REQUIRED ACTION
Any picture in the data below gets skipped; print all the rest exactly.

RAW DATA
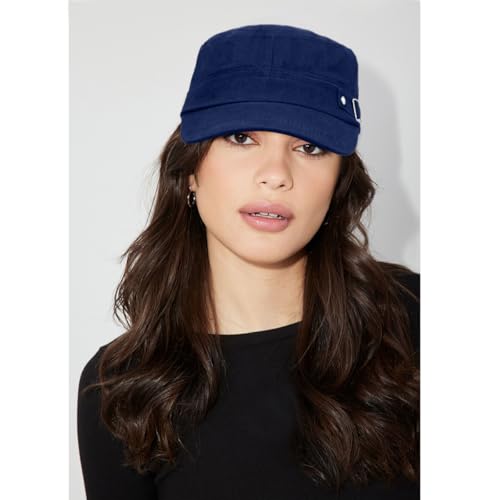 Army Cadet Cap for Men Women Military Flat Top Cap Baseball Caps - color: Navy Blue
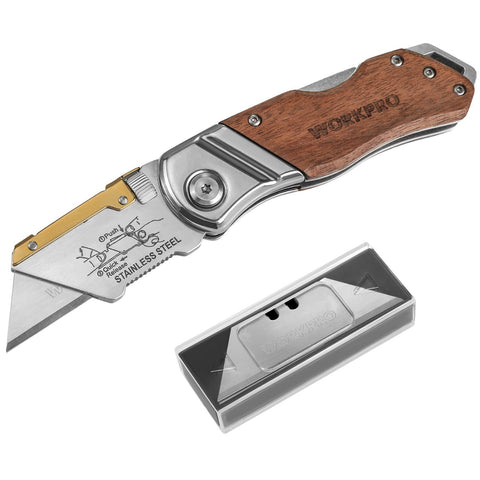WORKPRO folding knife with belt clip enables on-the-go tasks.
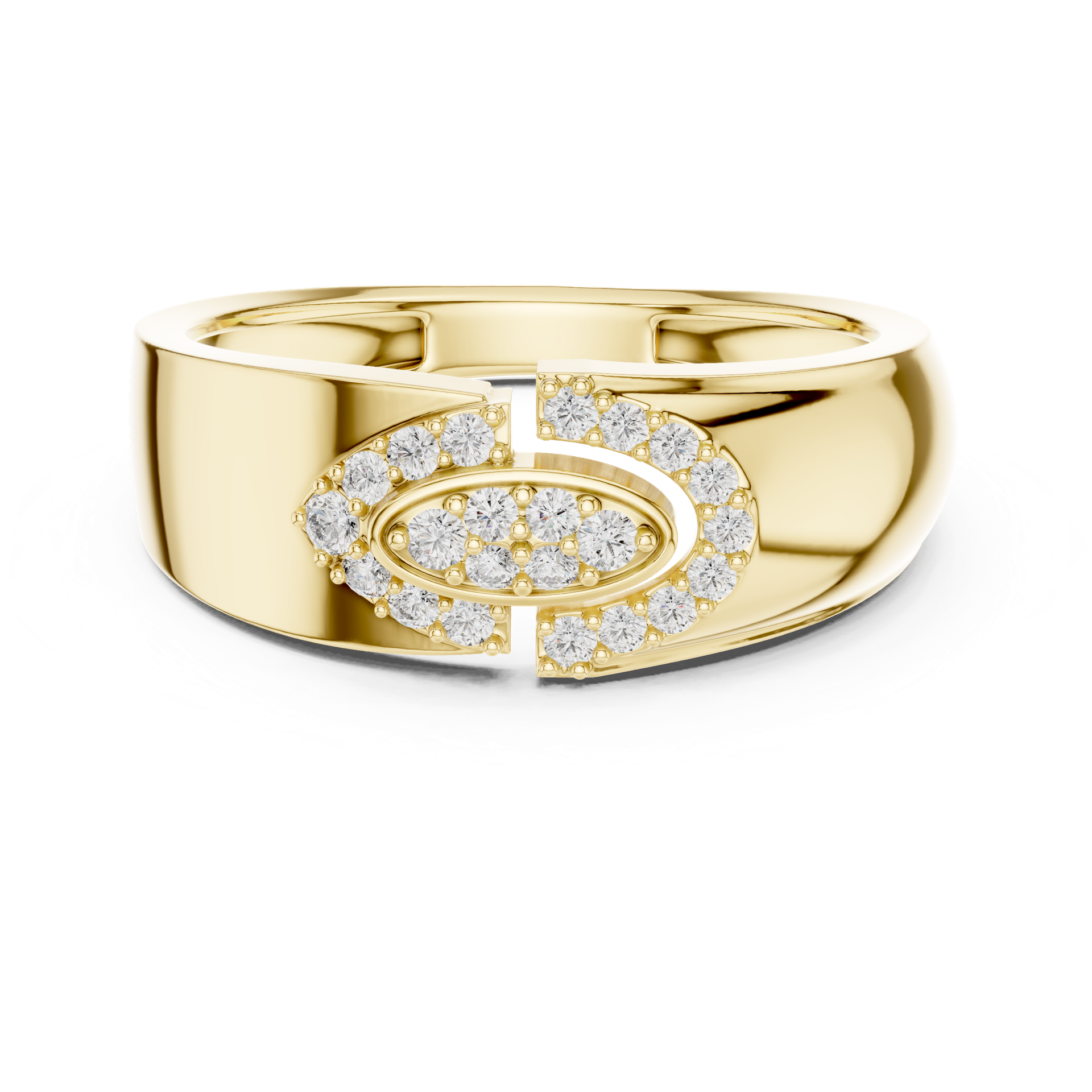Diamond Oval Cluster Split-Band Ring | Modern Diamond Statement Ring | Fine Luxury Jewelry | Gold, Platinum & Silver | THE DIAMOWN view 4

RESULT BELOW
 Army Cadet Cap for Men Women Military Flat Top Cap Baseball Caps - color: Navy Blue
WORKPRO folding knife with belt clip enables on-the-go tasks.
Diamond Oval Cluster Split-Band Ring | Modern Diamond Statement Ring | Fine Luxury Jewelry | Gold, Platinum & Silver | THE DIAMOWN view 4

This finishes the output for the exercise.